Ensure that you’ve configured AWS DMS by following the best practices for identity and access management, network for replication instance, and security in AWS DMS. If your architecture uses public traffic, consider implementing VPC endpoints.
Prepare your AWS DMS tasks for the identified tables to handle JSON data migration stored from Oracle’s CLOB to Aurora PostgreSQL-Compatible Edition and RDS for PostgreSQL TEXT. This configuration captures any invalid JSON records from tables using the procedure mentioned in this post.
Secure your data transfers from on premises with AWS Direct Connect or AWS VPN.

Source database

The source database should have table objects that meet the following requirements for the data transfer process:

An Oracle database table with a CLOB column that stores JSON data
The source table should have a primary key

Target database

The target database should have table objects that meet the following requirements to receive data from AWS DMS and run a PL/pgPSQL procedure to capture invalid JSON records:

Create a table in the target database, whether that’s Amazon Aurora PostgreSQL-Compatible Edition or Amazon RDS for PostgreSQL, that matches the metadata of the source table. Although the table name may differ, it’s essential to replace the CLOB column in this table with the TEXT data type. This table serves as a staging area. Its design, using the TEXT data type, allows it to accommodate both valid and invalid JSON records when loaded by AWS DMS.
Create another table in the target database by matching the source table metadata. The table name might not be the same. Nevertheless, replace the CLOB column from that table with JSON or JSONB. This table is used as a final migrated targeted table on Amazon Aurora PostgreSQL-Compatible Edition by having only valid JSON records stored in the JSON or JSONB data type.
Create logging tables like the following example table for filtered invalid JSON records and the procedure to run metadata:

CREATE TABLE discard_record_log (
    tbname text,
    range_start numeric,
    range_end numeric,
    failure_message text,
    discard_rec_id_pk_val numeric,
    proc_exec_counter numeric
);


CREATE TABLE exec_history_offset (
    tbname varchar,
    proc_exec_counter numeric,
    range_interval numeric,
    num_ranges numeric,
    max_rec_id_at_end_of_iteration numeric
);

Limitations

This solution helps identify invalid JSON records stored in CLOB columns when migrating from an Oracle database to an Aurora PostgreSQL-Compatible Edition or RDS for PostgreSQL database.

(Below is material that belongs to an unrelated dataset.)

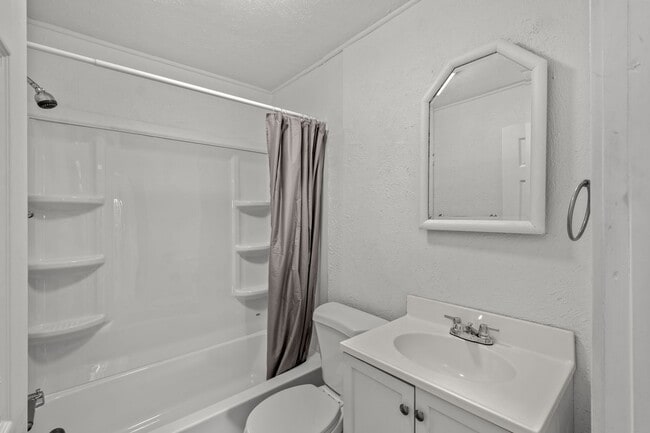 Building Photo - Stunning 2 bedroom home in North Braddock ...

However, the procedure used here primarily focuses on copying data from a staging table to a target table based on a primary key. Keep in mind the following limitations:

This procedure can’t handle changes (updates and deletes) in JSON stored CLOB columns during CDC. Alternatively, ensure your application keeps validating real-time JSON data through your application until successful cutover.
This procedure can’t handle correcting invalid JSON to valid JSON.
This solution is helpful only when there is a primary key on the table.

Set up AWS DMS

In these steps, we work with Amazon Aurora PostgreSQL-Compatible Edition, but the same solution works with Amazon RDS for PostgreSQL. Complete the following steps to set up AWS DMS, create AWS DMS tasks for both source and target, create staging tables, run AWS DMS tasks, and migrate the JSON data:

Create an AWS DMS task with Oracle as the source endpoint and Amazon Aurora PostgreSQL-Compatible Edition as the target endpoint with only the table list having JSON data in CLOB columns in the Oracle with all best practices.
Create table mapping during AWS DMS task creation, replacing the staging table’s TEXT columns with CLOB columns from Oracle.
From the preceding snippets of AWS DMS tasks, we have three source tables: SOURCE_TABLE_1, SOURCE_TABLE_2, and SOURCE_TABLE_3. For each table, we configure rules in AWS DMS to replicate to staging tables.
Start the AWS DMS task to migrate the data from on-premises Oracle JSON data in CLOB columns to Amazon Aurora PostgreSQL-Compatible Edition JSON data in TEXT columns. For any issues with AWS DMS tasks, follow the AWS DMS troubleshooting guide.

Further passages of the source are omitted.